Software company VMware (NYSE:VMW) reported stronger than expected revenue and earnings when it released 4th quarter numbers earlier this month. Total revenue of $1.29 billion just beat consensus of $1.28 billion and EPS of $.81 was solidly ahead of the street estimate of $.78.
However, the company offered much lower 2013 guidance than the street expected and said it would cut up to 900 jobs as revenue growth slows. This news was a splash of cold water in the face of investors used to years of top-line growth, and the stock was quickly downgraded by no less than seven analysts as the share price plunged over 20% from its pre-earning levels.
Going forward, management guided license revenue growth in the 8%-11% range while the street had expected something north of 13%. Margins are expected to remain flat to slightly down from the current 16.2% level.
Management further noted that because of the cyclical nature of business renewals of Enterprise Licensing Agreements (ELAs), any growth in this area will not have an effect on the top line until the 2nd half of 2013-- and they guided FY13 revenue to $5.23-$5.35 billion while the street was expecting something in the neighborhood of $5.42 billion. In fact, it seems that at least some of the ELA revenue that was expected to be generated in Q1-13 has already been booked and was a strong contributor to the better than expected Q4-12 numbers. As a result, Q1-13 license revenue is expected to be about 10% lower than revenue for the year earlier quarter.
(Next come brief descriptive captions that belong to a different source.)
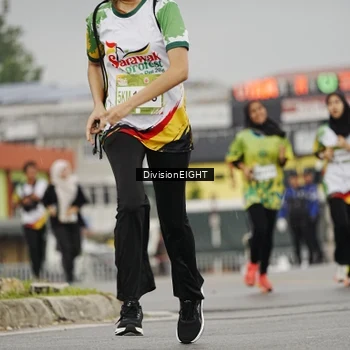 Runner Photo 7650277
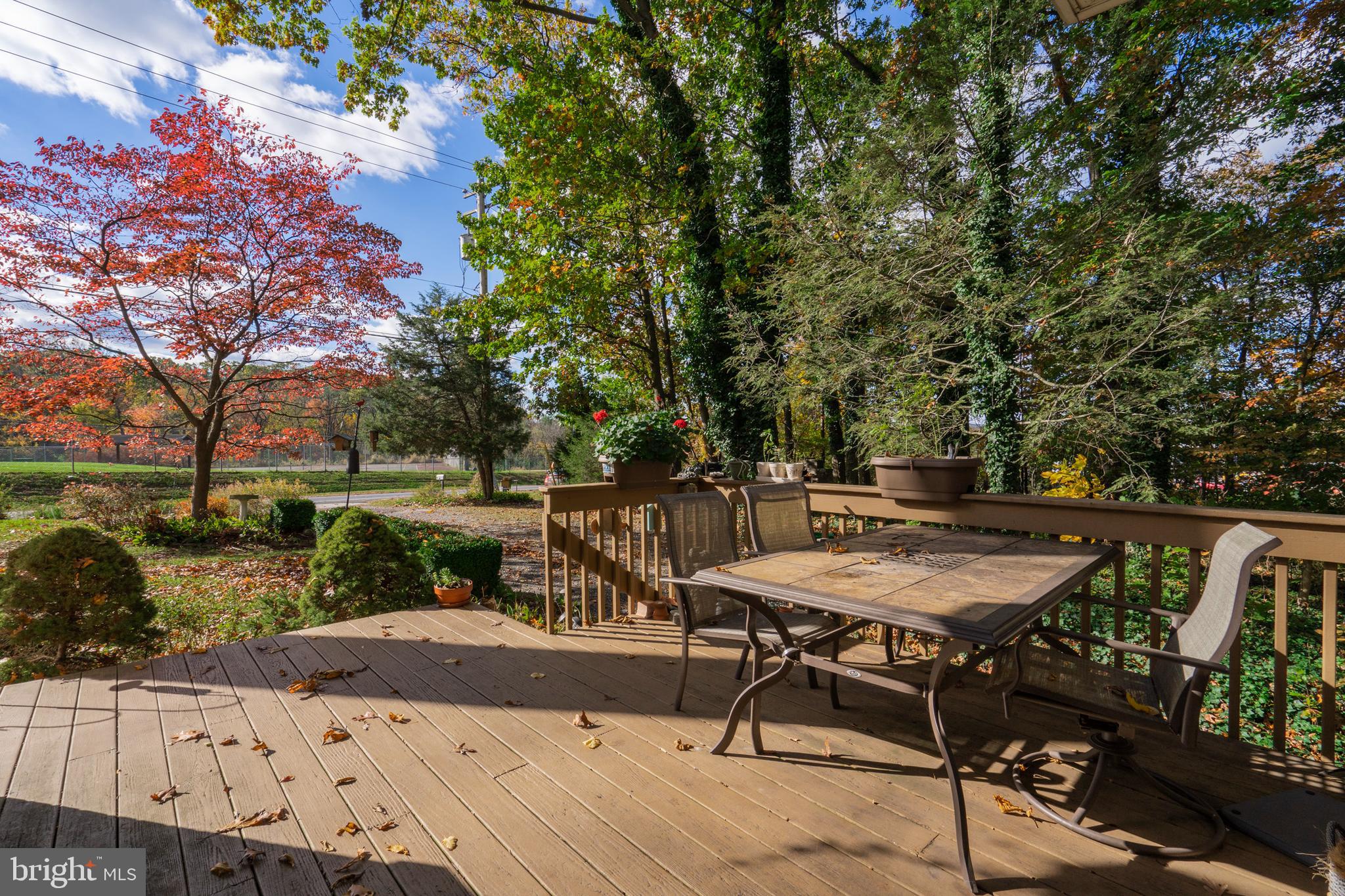 345 Mingo Road Royersford, PA 19468 - Photo 7 of 28 Front Deck
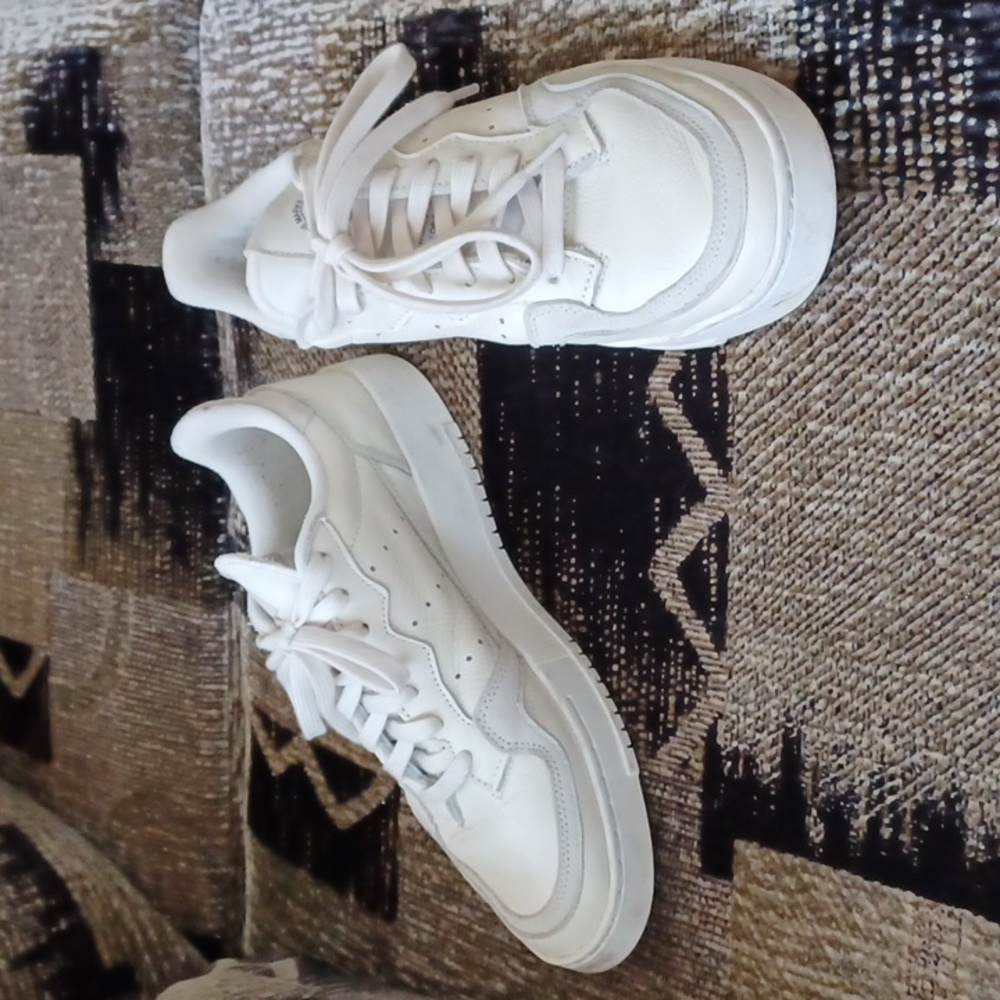 adidas White Women's Sneakers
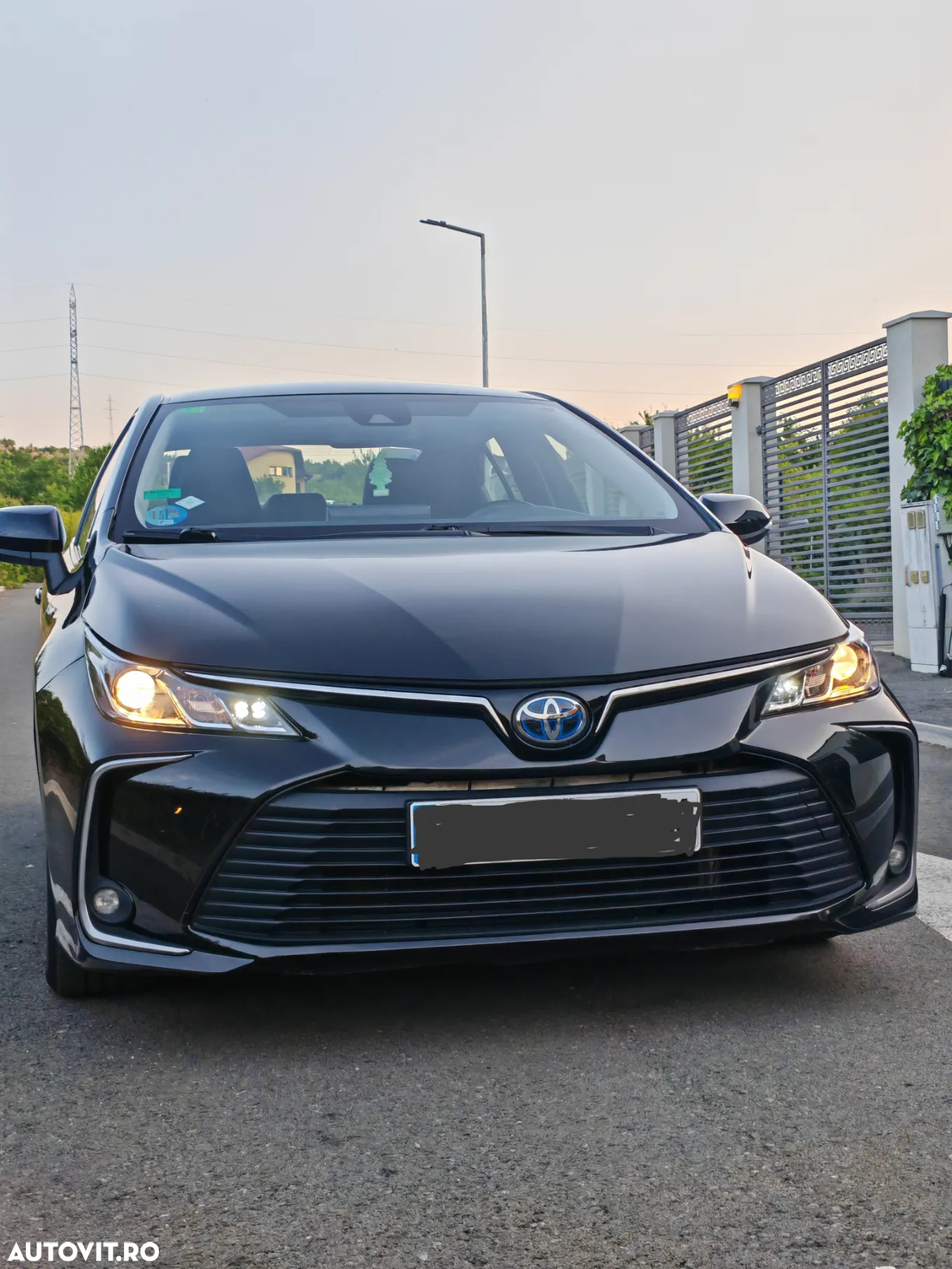 Toyota Corolla 1.8 HSD Exclusive interior Gri - 3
Meanwhile, the company indicated that charges from job cuts and costs associated with exiting lower margin business will weigh on 1H13 earnings. While guidance does appear to be on the conservative side, it still makes investors hesitant to justify higher multiples from the current levels - hence the sell-off. However, keeping within new guidance for revenue, the top line should still grow by 15% for FY13. Therefore, if margins stay relatively flat, EPS should be around $3.16 and FCF will grow to around $4.20/share. Using a modest 30x multiple of earnings, that would put a $95 price tag on the stock, which was trading just north of $79/share as of Friday's market close. This implies a 20% upside to the current price based on the company's own conservative guidance.
However, with slowing growth projected by management and no real catalyst on the near term horizon, I expect the stock to trade sideways from its current price for the next several months until it starts gaining traction in the second half of the year.
If you are sitting underwater on higher cost basis VMW shares and you can afford to wait, I would urge patience - the stock will recover. The company is well positioned to take advantage of business enterprise solutions as it continues to adopt virtualization and cloud computing solutions. However, instead of just waiting until the 2nd half of the year before you see any meaningful upward movement in the stock price, why not get paid to do that waiting by selling covered calls against your current position?
If you look at the chart below, you can see the stock is now sitting just above its Fibonacci support at $75, and there appears to be significant Fibonacci resistance at $90.
As I said, I would be surprised to see the stock break out in any meaningful way from current levels for the next several months. Even if there were some upwards price movement, it would at most be a short lived gap-fill from the 20% drop since earning were released. At the same time, while macroeconomic events would certainly have an impact on VMW as it would with any stock, the share price is sitting just above a strong support line that held nicely during the post earnings sell-off.
Therefore, if you are long the stock you may want to consider selling the July VMW 85 covered calls at $4.50 or so. With this trade you cap your upside to $89.50 (strike plus call bid), which is just shy of the Fibonacci resistance at 90. In exchange for limiting your upside, you receive a $4.50 premium which is a 5.7% (approximately 12% annualized) return for the remaining time that the contract is in force.
To my way of thinking that sure beats waiting around for something to catch hold and move the stock.